Collected material
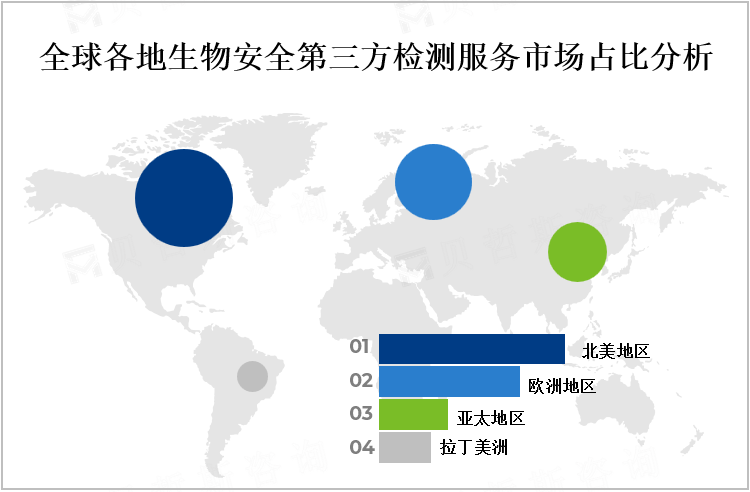 全球各地生物安全第三方检测服务市场占比分析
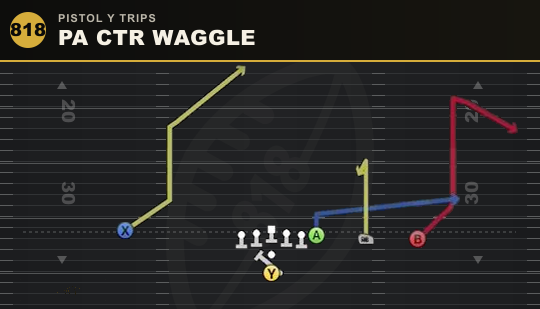 PA CTR WAGGLE from Pistol Y Trips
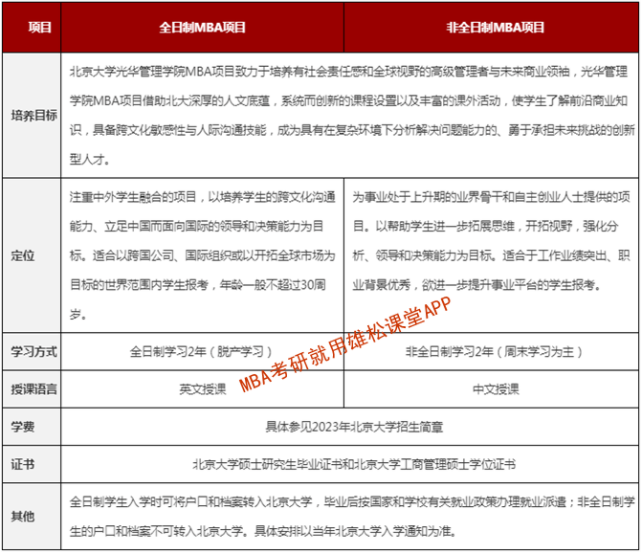 2023年北京大学光华管理学院MBA招生简章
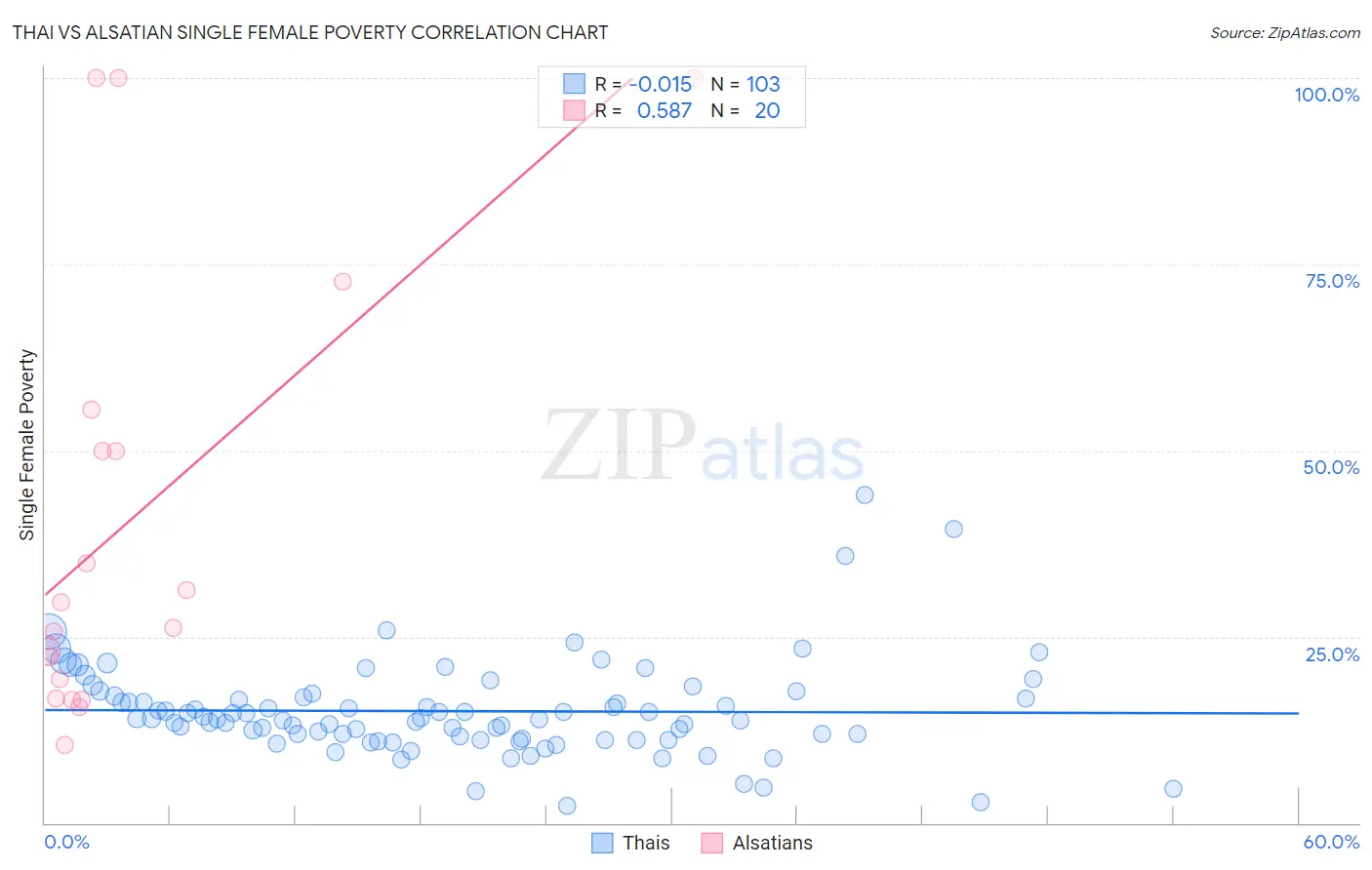 Thai vs Alsatian Single Female Poverty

What you are asked to do
Output all of the data word for word, excluding any pictures.

Answer section
 全球各地生物安全第三方检测服务市场占比分析
 PA CTR WAGGLE from Pistol Y Trips
 2023年北京大学光华管理学院MBA招生简章
 Thai vs Alsatian Single Female Poverty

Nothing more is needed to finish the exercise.